### YOUR ASSIGNMENT
Print exactly the lines from the one containing "Automation envelopes can" through the last line of the records below, both included, and nothing else; omit any pictures.
::: DATASET
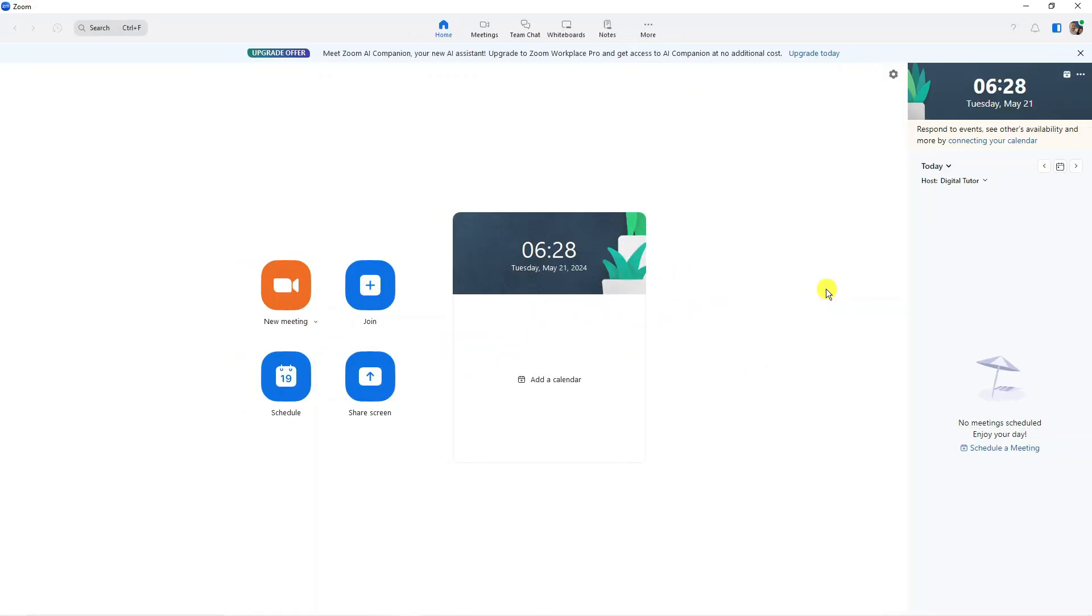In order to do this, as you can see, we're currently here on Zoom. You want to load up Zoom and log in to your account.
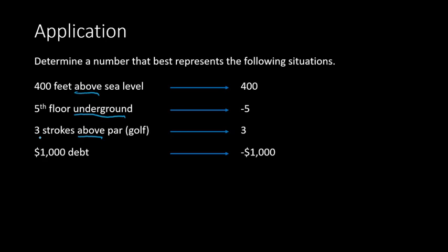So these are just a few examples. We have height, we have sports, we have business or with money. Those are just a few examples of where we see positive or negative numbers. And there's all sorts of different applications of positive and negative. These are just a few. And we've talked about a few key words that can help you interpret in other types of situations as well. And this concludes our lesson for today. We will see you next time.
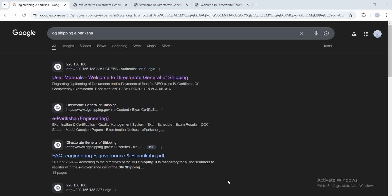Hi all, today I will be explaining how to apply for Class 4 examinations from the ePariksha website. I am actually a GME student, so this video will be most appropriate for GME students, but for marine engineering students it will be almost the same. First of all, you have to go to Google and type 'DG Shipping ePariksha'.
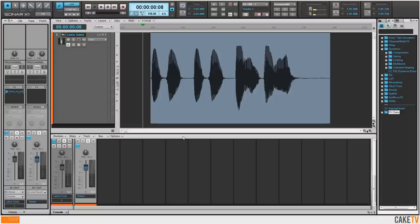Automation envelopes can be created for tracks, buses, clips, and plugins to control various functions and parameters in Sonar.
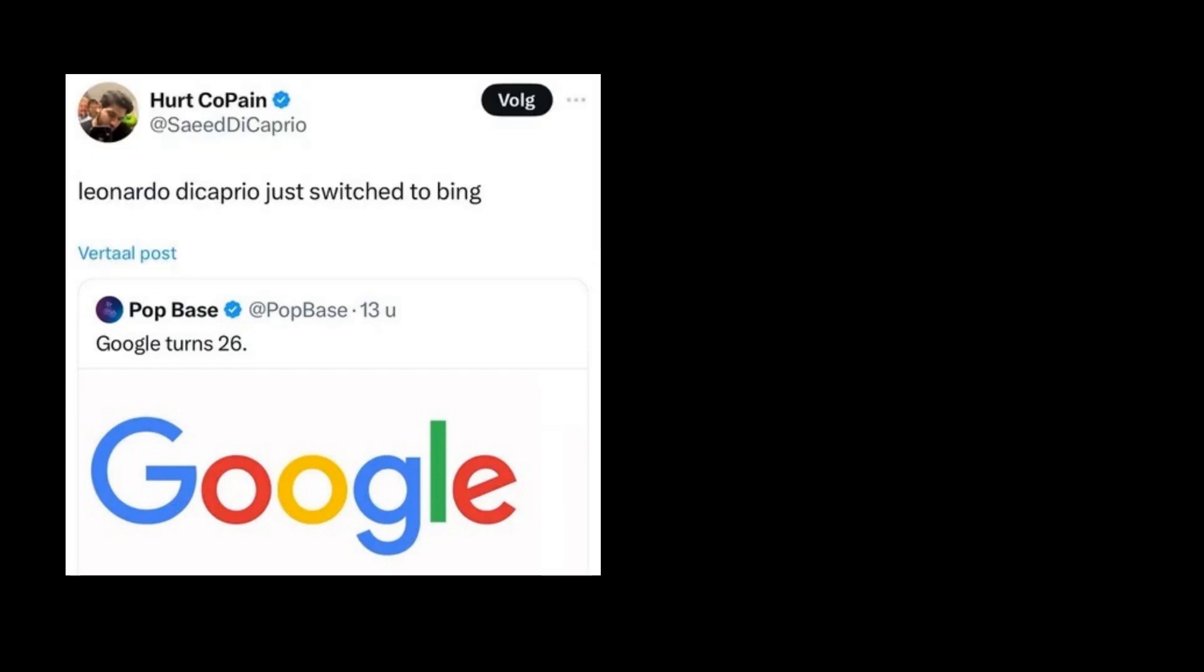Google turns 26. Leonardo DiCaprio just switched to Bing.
::::::
### YOUR SOLUTION
Automation envelopes can be created for tracks, buses, clips, and plugins to control various functions and parameters in Sonar.
Google turns 26. Leonardo DiCaprio just switched to Bing.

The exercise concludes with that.